Simulation of Gmiips with a $\pi$ step in the spectral phase

Phase steps are hard to retrieve using frequency domain techniques, such as MIIPS. Here we compare MIIPS and G-MIIPS with respect to their ability of coping with a $\pi$ step in the spectral phase.

G-MIIPS does retrieve the GDD, but neither G-MIIPS nor MIIPS can retrieve the phase in one iteration.
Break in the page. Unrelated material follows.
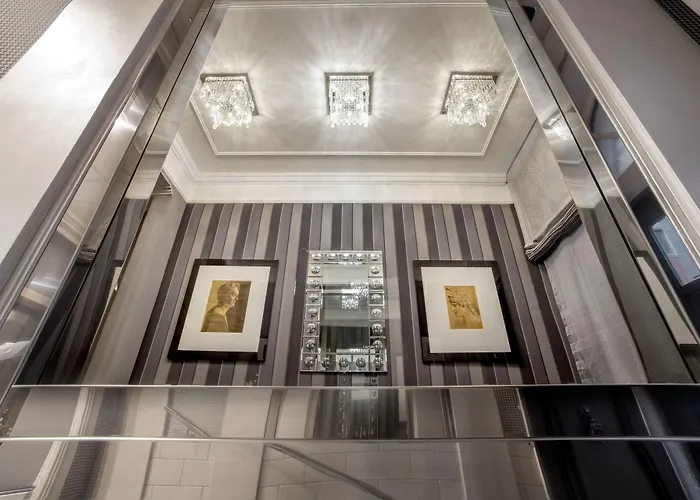 Hotell Royal Court 4*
Note that, also for G-MIIPS, the retrieved phase is dependent on the modulation parameters. The reason is that the phase step introduces a gap in the trace, where the GDD cannot be retrieved. When the GDD is numerically integrated, the missing information can result into two different linear offsets for frequencies lower and higher than the step.

Contents

Set up chirped Gaussian pulse with phase step

p = gaussianPulse('f0',300/800, 'fwhm', 5, 'units', 'fs', 'dt', 0.5, ...
  'nPoints',2^12);

GDD = 100; % fs^2
p.polynomialPhase([GDD 0 0 ])
% adding a phase step at the central frequency of the pulse
p.spectralPhase = p.spectralPhase + ...
  pi * (p.frequencyArray>p.centralFrequency);

Simulate Gmiips

maxGDD = 1000;
tau = 20;
amp = maxGDD/tau^2;
phasesteps = linspace(-4*pi, 4*pi, 500);
% simulate standard miips
m = Gmiips(p, amp, tau, phasesteps, 'gateWidth', []);
m.notes = 'MIIPS';
% simulate Gmiips
mg = Gmiips(p, amp, tau, phasesteps, 'gateWidth', 0.1);
mg.notes = 'GMIIPS';

Plot MIIPS and G-MIIPS traces

Both MIIPS and G-MIIPS fail to accurately retrieved the spectral phase, especially the step.

figure(1)
subplot(2,2,1)
pcolor(m.phaseArray, m.frequencyArray, m.trace);
shading flat
ylim([-1,1]*p.bandwidth+p.centralFrequency)
xlabel('phase shift (rad)')
ylabel(['frequency (', p.frequencyUnits, ')'])
title([m.notes, ' trace'])

subplot(2,2,2)
pcolor(mg.phaseArray, mg.frequencyArray, mg.trace);
shading flat
ylim([-1,1]*p.bandwidth+p.centralFrequency)
xlabel('phase shift (rad)')
ylabel(['frequency (', p.frequencyUnits, ')'])
title([mg.notes, ' trace'])

subplot(2,2,3)
plot(p.frequencyArray, m.retrievedGDD, 'b', ...
  p.frequencyArray, mg.retrievedGDD, 'r', ...
  p.frequencyArray, p.groupDelayDispersion, 'k--');
legend('miips', 'G-miips', 'true')
xlim([-1,1]*p.bandwidth+p.centralFrequency)
ylim([0 2*GDD])
xlabel(['frequency (', p.frequencyUnits, ')'])
ylabel('spectral phase (rad)')
title('GDD Retrieval')

subplot(2,2,4)
plot(p.frequencyArray, m.retrievedPhase, 'b', ...
  p.frequencyArray, mg.retrievedPhase, 'r', ...
  p.frequencyArray, p.spectralPhase, 'k--');
legend('miips', 'G-miips', 'true')
xlim([-1,1]*p.bandwidth+p.centralFrequency)
xlabel(['frequency (', p.frequencyUnits, ')'])
ylabel('spectral phase (rad)')
title('Phase Retrieval')